**Task statement**
Using the entries that follow, write out the line containing "700 Rue Charny", the line containing "Épinglette en émail", and every line between them, exactly and nothing else.

━━━━━ Material provided ━━━━━

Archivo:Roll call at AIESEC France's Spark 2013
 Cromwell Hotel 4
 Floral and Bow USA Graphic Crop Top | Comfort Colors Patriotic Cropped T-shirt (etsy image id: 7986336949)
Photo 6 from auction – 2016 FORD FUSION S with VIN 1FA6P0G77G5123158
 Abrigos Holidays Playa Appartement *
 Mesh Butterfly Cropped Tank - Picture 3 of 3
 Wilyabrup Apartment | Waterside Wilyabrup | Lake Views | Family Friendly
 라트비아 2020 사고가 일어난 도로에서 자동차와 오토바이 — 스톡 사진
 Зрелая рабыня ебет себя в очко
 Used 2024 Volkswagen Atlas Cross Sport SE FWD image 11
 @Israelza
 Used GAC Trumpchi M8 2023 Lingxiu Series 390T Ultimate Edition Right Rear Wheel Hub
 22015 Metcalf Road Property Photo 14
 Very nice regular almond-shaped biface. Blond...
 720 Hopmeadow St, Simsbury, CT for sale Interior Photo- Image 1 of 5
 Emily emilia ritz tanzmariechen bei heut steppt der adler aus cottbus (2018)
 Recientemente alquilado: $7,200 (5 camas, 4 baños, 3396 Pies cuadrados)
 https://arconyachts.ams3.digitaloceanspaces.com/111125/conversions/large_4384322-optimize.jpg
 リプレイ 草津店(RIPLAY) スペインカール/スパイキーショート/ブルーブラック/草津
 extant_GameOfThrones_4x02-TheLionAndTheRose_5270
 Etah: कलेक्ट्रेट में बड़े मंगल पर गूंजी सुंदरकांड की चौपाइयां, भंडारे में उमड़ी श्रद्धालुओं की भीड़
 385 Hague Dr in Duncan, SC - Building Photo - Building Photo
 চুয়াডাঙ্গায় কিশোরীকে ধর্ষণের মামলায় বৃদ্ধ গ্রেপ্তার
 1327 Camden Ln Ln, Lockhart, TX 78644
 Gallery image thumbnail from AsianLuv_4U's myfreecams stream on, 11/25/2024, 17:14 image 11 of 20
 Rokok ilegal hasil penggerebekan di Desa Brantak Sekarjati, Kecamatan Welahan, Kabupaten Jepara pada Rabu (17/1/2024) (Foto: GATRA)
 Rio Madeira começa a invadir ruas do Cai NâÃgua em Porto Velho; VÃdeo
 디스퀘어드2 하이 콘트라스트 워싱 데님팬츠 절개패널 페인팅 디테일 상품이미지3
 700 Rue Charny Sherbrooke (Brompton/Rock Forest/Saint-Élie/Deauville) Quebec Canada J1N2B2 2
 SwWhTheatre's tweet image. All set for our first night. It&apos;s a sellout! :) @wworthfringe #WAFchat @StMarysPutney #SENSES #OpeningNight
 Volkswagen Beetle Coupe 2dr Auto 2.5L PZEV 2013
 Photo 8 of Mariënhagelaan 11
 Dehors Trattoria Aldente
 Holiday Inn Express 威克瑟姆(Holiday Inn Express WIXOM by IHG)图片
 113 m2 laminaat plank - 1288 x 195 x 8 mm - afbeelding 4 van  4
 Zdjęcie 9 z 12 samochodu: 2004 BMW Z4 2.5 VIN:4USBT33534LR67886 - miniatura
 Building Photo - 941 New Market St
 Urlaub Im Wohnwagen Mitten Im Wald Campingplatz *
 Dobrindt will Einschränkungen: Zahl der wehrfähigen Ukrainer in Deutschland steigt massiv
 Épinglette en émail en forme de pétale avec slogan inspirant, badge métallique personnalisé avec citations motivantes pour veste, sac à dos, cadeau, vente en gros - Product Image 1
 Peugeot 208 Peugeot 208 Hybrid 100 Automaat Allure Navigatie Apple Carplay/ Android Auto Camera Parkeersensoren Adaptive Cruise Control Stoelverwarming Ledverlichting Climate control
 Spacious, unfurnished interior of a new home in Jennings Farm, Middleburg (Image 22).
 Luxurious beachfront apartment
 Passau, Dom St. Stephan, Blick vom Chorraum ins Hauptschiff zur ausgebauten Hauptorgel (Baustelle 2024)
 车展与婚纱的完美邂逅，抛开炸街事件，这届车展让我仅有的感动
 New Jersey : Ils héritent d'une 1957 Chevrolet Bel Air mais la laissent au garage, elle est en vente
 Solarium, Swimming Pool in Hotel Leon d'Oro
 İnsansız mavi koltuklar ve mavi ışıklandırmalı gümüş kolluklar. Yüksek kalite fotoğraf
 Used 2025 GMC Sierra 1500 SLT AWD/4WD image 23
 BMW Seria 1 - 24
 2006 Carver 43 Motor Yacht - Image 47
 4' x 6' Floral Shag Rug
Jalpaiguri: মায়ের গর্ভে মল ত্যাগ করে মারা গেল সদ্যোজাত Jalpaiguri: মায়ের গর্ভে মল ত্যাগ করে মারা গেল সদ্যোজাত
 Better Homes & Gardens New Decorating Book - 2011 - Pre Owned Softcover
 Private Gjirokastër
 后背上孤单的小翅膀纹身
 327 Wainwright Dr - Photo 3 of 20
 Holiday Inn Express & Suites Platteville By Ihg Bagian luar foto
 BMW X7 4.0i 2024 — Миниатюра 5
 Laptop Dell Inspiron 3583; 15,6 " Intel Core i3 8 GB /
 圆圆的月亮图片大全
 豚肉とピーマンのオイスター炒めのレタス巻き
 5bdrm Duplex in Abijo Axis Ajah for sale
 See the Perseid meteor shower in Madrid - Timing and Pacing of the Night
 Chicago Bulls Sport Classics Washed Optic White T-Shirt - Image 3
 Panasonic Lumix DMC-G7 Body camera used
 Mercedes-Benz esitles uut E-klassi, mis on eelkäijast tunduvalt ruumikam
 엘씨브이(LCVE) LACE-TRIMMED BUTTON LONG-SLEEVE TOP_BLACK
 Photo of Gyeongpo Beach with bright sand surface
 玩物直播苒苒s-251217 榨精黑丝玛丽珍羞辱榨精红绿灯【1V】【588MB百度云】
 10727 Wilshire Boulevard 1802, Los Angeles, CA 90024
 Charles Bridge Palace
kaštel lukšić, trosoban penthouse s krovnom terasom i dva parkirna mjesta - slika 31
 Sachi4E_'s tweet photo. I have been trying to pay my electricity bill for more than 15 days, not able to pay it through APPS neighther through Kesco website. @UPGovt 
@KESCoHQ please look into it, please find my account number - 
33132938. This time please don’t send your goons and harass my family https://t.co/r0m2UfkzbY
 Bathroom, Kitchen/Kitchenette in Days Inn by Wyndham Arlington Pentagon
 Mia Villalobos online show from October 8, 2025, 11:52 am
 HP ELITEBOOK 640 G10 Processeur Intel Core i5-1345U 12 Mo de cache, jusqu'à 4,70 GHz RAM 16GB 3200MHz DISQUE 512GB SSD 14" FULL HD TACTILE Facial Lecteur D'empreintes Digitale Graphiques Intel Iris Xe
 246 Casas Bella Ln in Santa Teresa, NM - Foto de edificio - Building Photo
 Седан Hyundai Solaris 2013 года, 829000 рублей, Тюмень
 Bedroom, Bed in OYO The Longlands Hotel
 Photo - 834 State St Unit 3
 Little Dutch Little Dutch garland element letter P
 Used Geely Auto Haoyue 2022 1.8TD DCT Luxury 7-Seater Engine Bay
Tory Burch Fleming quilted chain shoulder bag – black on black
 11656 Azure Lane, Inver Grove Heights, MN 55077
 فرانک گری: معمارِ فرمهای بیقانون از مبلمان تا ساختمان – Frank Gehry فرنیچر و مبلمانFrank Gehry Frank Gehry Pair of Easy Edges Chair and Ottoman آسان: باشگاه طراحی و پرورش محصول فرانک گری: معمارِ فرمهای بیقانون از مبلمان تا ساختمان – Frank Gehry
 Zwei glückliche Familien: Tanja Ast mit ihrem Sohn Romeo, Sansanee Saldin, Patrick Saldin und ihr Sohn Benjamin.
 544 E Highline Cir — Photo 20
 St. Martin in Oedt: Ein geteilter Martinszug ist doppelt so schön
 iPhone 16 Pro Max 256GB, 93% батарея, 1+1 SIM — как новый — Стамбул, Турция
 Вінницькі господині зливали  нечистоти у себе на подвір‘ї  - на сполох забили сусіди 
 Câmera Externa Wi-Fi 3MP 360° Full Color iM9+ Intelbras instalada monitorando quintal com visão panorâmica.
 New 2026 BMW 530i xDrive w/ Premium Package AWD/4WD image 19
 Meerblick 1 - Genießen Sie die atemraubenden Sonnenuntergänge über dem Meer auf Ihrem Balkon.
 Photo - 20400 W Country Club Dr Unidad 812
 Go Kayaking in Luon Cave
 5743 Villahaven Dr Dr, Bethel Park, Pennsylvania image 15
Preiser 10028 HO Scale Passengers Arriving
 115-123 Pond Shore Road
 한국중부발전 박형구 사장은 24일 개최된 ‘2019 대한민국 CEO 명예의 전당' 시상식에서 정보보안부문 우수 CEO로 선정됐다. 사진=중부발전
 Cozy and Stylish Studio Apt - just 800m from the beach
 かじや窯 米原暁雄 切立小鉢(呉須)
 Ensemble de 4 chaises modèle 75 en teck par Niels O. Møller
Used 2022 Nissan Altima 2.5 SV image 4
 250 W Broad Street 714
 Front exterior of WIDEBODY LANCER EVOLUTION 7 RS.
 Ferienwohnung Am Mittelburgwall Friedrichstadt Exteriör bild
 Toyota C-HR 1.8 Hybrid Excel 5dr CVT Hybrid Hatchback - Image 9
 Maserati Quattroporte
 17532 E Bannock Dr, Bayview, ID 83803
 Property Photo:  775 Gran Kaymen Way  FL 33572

━━━━━

**Exercise result**
 700 Rue Charny Sherbrooke (Brompton/Rock Forest/Saint-Élie/Deauville) Quebec Canada J1N2B2 2
 SwWhTheatre's tweet image. All set for our first night. It&apos;s a sellout! :) @wworthfringe #WAFchat @StMarysPutney #SENSES #OpeningNight
 Volkswagen Beetle Coupe 2dr Auto 2.5L PZEV 2013
 Photo 8 of Mariënhagelaan 11
 Dehors Trattoria Aldente
 Holiday Inn Express 威克瑟姆(Holiday Inn Express WIXOM by IHG)图片
 113 m2 laminaat plank - 1288 x 195 x 8 mm - afbeelding 4 van  4
 Zdjęcie 9 z 12 samochodu: 2004 BMW Z4 2.5 VIN:4USBT33534LR67886 - miniatura
 Building Photo - 941 New Market St
 Urlaub Im Wohnwagen Mitten Im Wald Campingplatz *
 Dobrindt will Einschränkungen: Zahl der wehrfähigen Ukrainer in Deutschland steigt massiv
 Épinglette en émail en forme de pétale avec slogan inspirant, badge métallique personnalisé avec citations motivantes pour veste, sac à dos, cadeau, vente en gros - Product Image 1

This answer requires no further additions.